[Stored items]
+ + + + +

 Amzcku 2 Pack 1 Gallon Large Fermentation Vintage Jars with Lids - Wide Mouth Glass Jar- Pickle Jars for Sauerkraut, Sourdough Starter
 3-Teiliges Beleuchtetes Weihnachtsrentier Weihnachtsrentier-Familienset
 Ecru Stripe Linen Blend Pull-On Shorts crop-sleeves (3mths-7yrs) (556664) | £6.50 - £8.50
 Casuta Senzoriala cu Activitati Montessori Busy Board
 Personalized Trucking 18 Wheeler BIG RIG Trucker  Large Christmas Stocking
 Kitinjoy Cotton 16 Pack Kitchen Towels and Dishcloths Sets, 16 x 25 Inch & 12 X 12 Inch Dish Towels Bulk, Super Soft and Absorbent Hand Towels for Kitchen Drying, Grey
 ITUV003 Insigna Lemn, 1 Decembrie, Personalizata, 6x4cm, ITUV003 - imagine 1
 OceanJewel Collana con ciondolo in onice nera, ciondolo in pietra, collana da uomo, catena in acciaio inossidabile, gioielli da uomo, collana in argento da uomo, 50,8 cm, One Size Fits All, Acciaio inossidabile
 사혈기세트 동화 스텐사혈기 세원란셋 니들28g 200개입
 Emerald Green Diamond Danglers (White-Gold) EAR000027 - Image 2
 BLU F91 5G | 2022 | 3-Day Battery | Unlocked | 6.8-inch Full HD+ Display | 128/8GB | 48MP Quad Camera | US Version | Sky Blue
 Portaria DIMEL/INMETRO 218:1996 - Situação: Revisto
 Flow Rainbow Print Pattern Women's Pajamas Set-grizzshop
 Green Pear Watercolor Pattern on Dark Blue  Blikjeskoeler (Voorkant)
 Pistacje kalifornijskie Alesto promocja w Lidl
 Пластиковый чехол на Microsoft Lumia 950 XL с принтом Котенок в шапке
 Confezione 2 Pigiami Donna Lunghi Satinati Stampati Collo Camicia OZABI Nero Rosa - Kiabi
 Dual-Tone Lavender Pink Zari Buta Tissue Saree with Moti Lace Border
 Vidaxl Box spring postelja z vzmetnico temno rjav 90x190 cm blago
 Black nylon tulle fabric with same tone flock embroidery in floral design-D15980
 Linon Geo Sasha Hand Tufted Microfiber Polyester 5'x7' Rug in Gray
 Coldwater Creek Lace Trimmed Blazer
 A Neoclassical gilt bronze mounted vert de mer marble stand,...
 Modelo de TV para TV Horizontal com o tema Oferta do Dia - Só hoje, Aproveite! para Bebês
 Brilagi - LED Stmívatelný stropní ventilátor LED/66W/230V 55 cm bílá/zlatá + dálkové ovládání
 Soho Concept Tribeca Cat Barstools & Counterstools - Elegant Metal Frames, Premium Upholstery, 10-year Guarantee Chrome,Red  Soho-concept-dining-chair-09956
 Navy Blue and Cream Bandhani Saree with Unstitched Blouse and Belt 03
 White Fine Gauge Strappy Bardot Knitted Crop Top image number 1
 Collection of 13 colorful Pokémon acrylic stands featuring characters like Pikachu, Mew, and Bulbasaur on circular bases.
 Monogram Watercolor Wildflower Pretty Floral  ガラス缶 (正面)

+ + + + +

Above are some records; copy each line there that contains "Saree".

 Dual-Tone Lavender Pink Zari Buta Tissue Saree with Moti Lace Border
 Navy Blue and Cream Bandhani Saree with Unstitched Blouse and Belt 03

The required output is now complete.